Published by Katherine Tegen Books on February 26, 2019
Genres: Dystopian, LGBT, Young Adult
Goodreads • Book Depository
At the Medio School for Girls, distinguished young women are trained for one of two roles in their polarized society. Depending on her specialization, a graduate will one day run a husband’s household or raise his children, but both are promised a life of comfort and luxury, far from the frequent political uprisings of the lower class. Daniela Vargas is the school’s top student, but her bright future depends upon no one discovering her darkest secret—that her pedigree is a lie. Her parents sacrificed everything to obtain forged identification papers so Dani could rise above her station. Now that her marriage to an important politico’s son is fast approaching, she must keep the truth hidden or be sent back to the fringes of society, where famine and poverty rule supreme.
On her graduation night, Dani seems to be in the clear, despite the surprises that unfold. But nothing prepares her for all the difficult choices she must make, especially when she is asked to spy for a resistance group desperately fighting to bring equality to Medio. Will Dani cling to the privilege her parents fought to win for her, or to give up everything she’s strived for in pursuit of a free Medio—and a chance at a forbidden love?
I received this book for free in exchange for an honest review. This does not affect my opinion of the book or the content of my review.
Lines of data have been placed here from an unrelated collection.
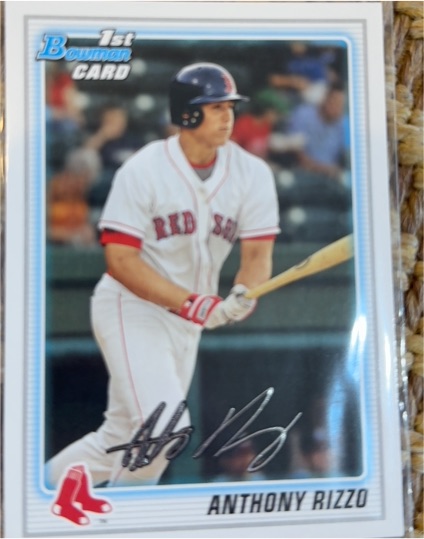 2010 Bowman #BP101 Anthony Rizzo — front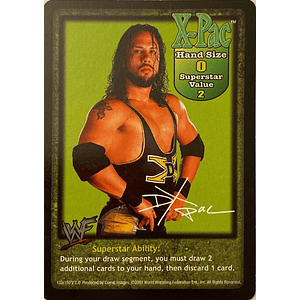 X-Pac Superstar Card
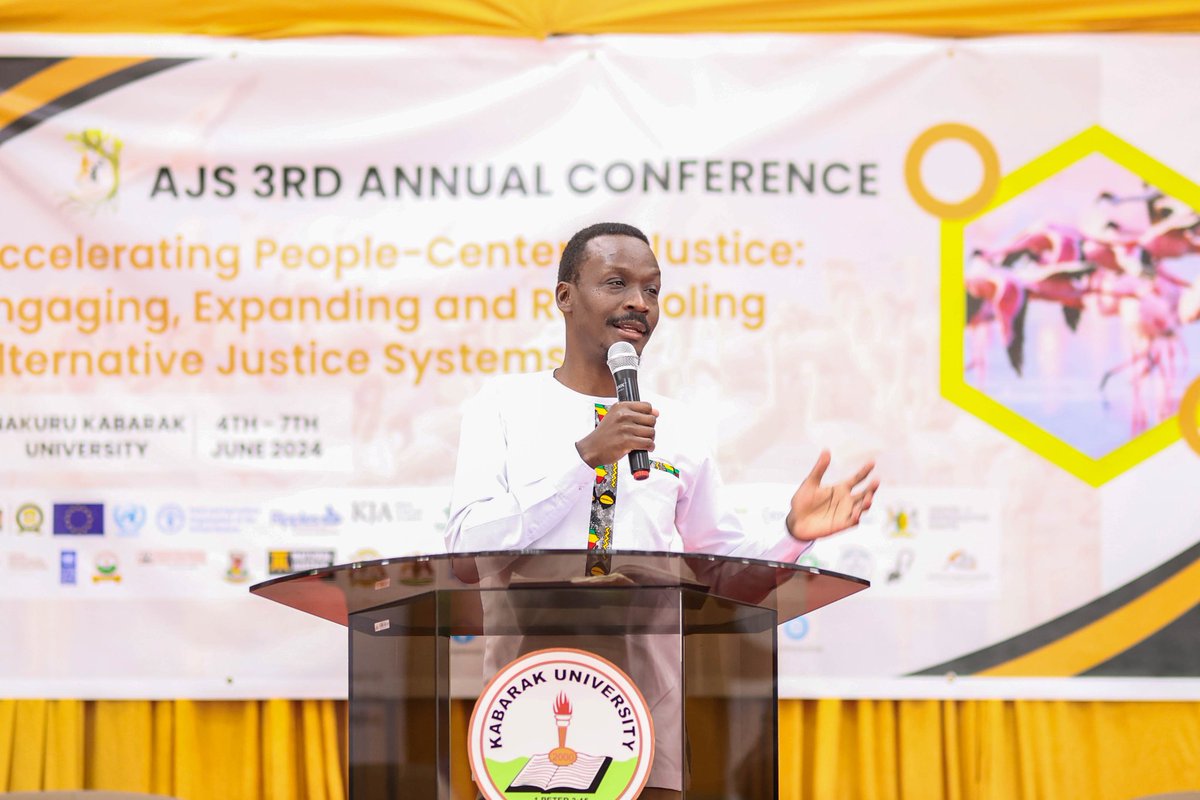 lawkabarak's tweet photo. I see Alternative Justice Systems (AJS) as an initiative to decolonise. 

The person who had a lot of power in the administration was a white man, and he took control over us, changing our institutions to accomplish their tasks.

 - Prof. Ambani, in his keynote address. https://t.co/x6RdQ0UgpM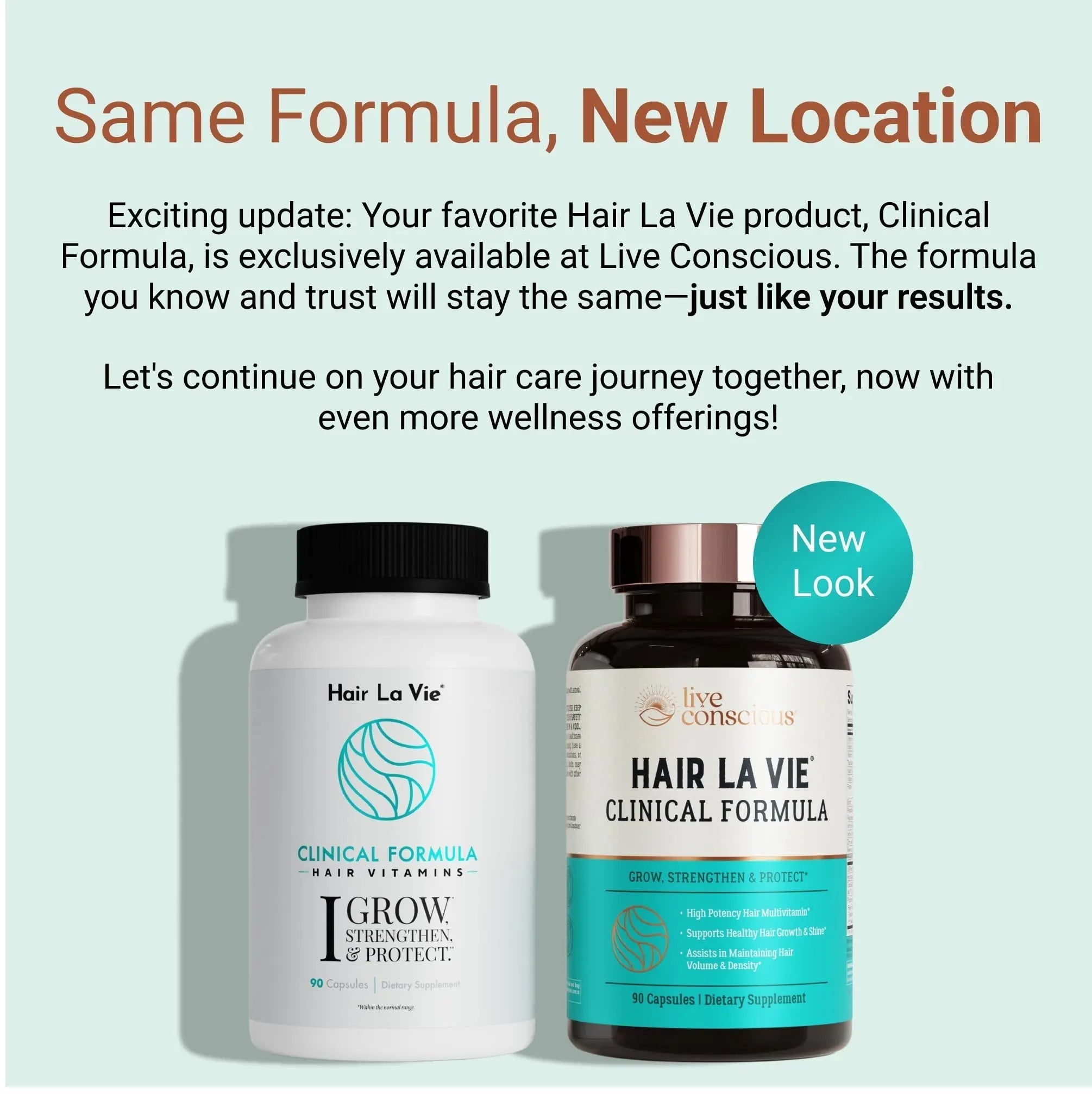 Hair La Vie Live Conscious Clinical Formula Hair Growth Vitamins for Women and Men w/Biotin, Collagen & Saw Palmetto (Pack of 1) Hair La VieAu supplements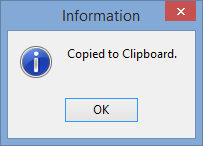 PTI Copied to clipboard dialog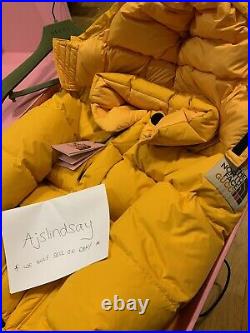 Gucci X The North Face Yellow Puffer Jacket Bnwt Medium 100% Authentic Rare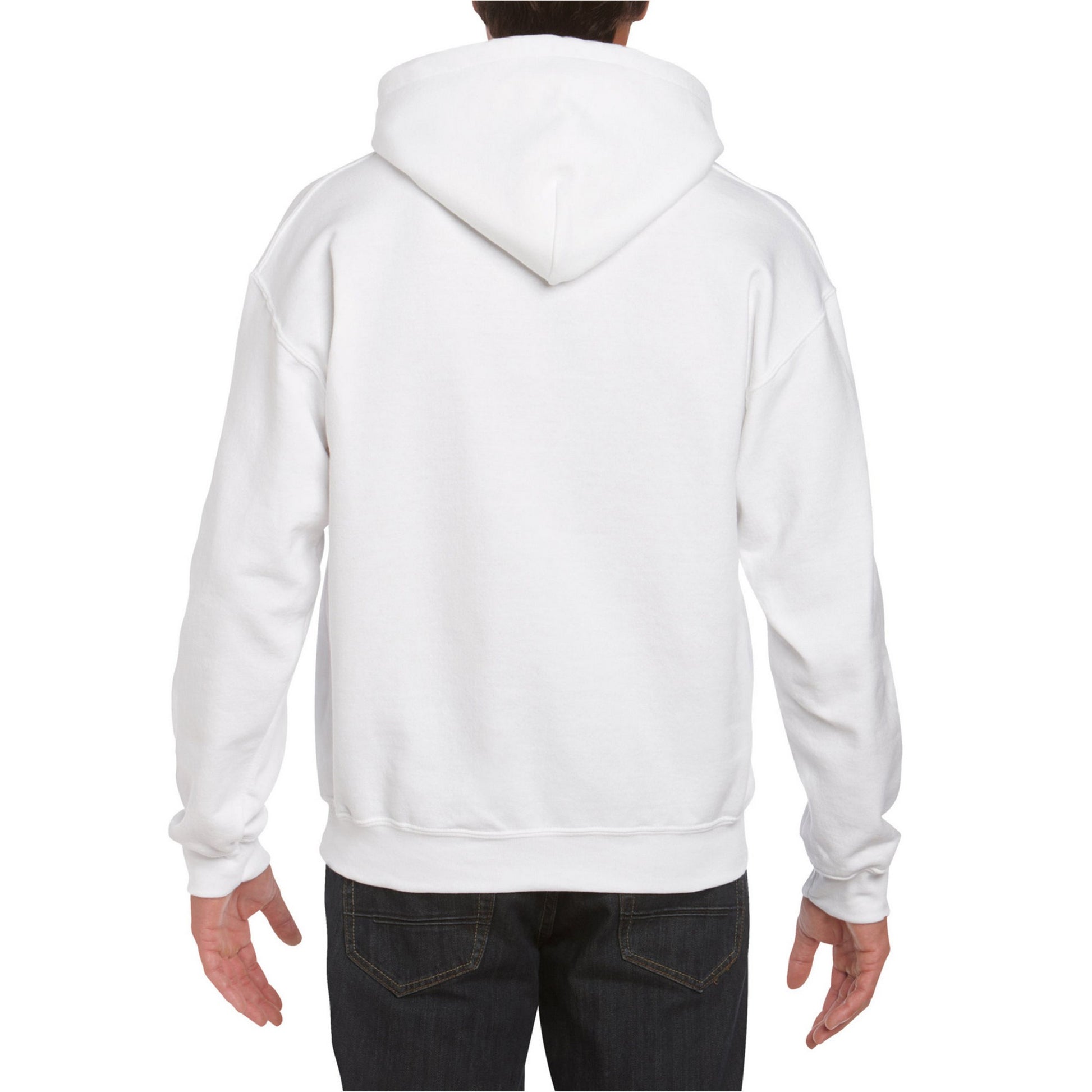White - Pack Shot - Gildan Mens DryBlend Hoodie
After following Tehlor Kay Mejia on social media for years and hearing some early buzz about her debut, I was highly anticipating this one. And, friends, let me tell you: it did not disappoint!
We Set the Dark on Fire is set in a world that feels uncomfortably close to our own. Medio is a world in which women are expected to conform to prescribed subservient roles, one where a whole nation of people is viewed as “illegal” and is constantly demonized by the oppressive government. I hesitate to use “dystopian” as a descriptor nowadays, because it holds so many seemingly negative connotations to a lot of readers. However, We Set the Dark on Fire is a dystopian novel in the vein of The Handmaid’s Tale and Red Clocks, as opposed to Divergent or The Hunger Games. The entire book feels like very pointed political commentary, and the subject matter was incredibly timely. Like, there’s literally a wall built by the Median government to keep out the “border-crossing illegals” who they blame for all of the country’s problems. Sound familiar?
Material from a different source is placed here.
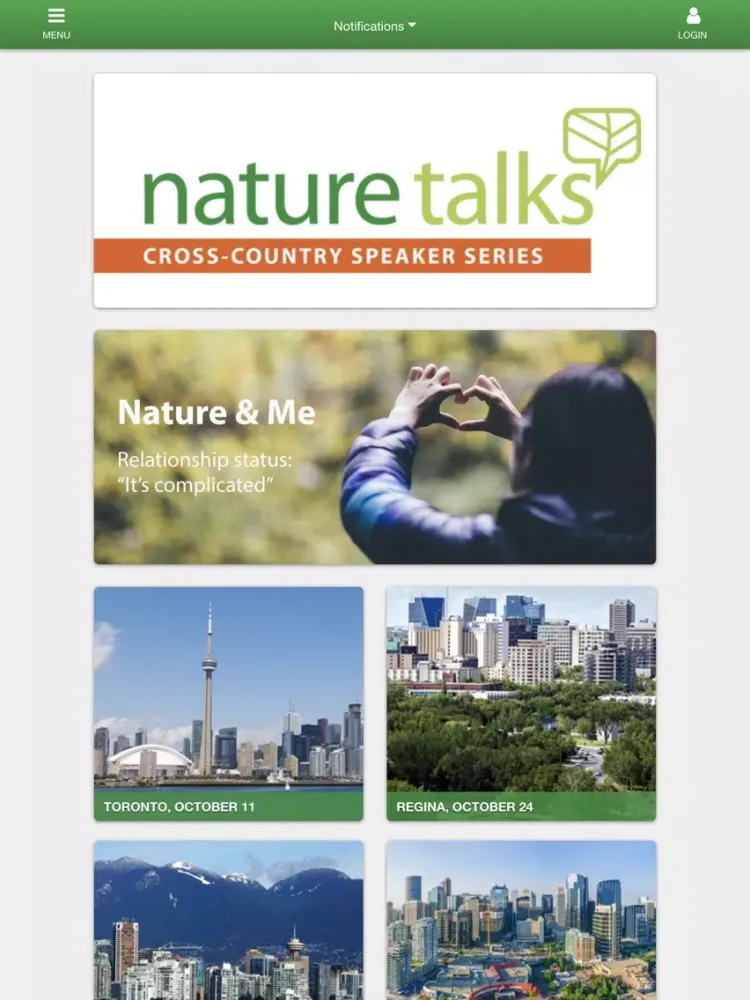 NatureTalks iPad  Screenshots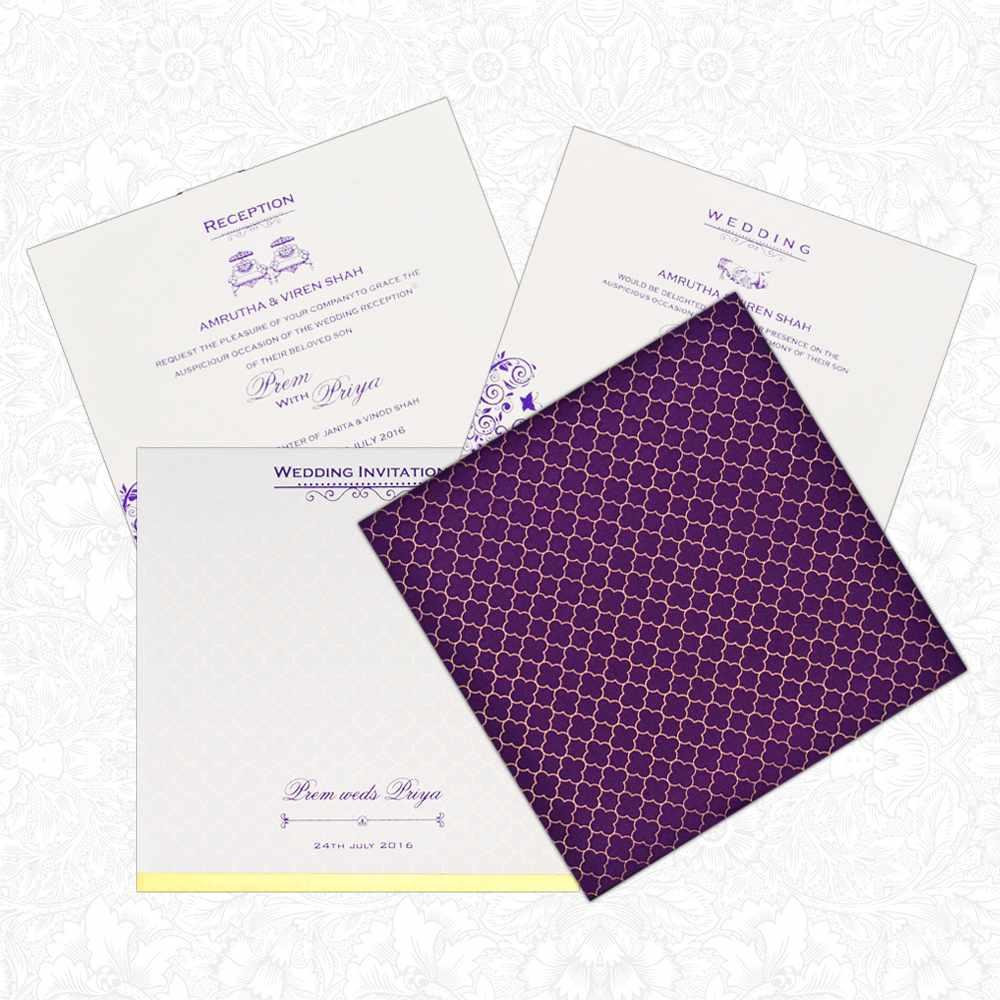 Violet Invitation Card-King of Cards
Anyway, we follow Dani, who has just graduated from the esteemed Medio School for Girls, which prepares young women for one of two roles: Primera or Segunda. Basically, every rich, influential dude in Medio has two wives, a Primera and a Segunda, who are trained in different arenas of womanly duties *vomit noises*. At the beginning of We Set the Dark on Fire, Dani graduates at the top of her Primera class and is sold to the wealthiest, most influential family in the country… alongside her nemesis, Carmen, who is to be Mateo’s Segunda.
I was enthralled by the world of Medio from the first page. Mejia describes it so vividly, from the food, to the clothing, to the social customs. It’s heavily influenced by Mexican culture, which I loved. As such, almost every character in this book is Latinx, which I also loved. I mean, obviously, it has some flaws (see all of the misogynistic, heteronormative, classist, and xenophobic rhetoric spouted by the country’s elite), but it was fascinating to read about. The chapter headings are excerpts from the Medio School for Girls’ handbook, which I thought was a really clever way to acclimate readers to some of the more nuanced social expectations in Medio. The whole concept of Primeras and Segundas was both fascinating and horrifying. It was such a structured system of oppression, but one that hid behind the facade of valuing women’s vast talents and skills– AKA, the most insidious kind of oppression.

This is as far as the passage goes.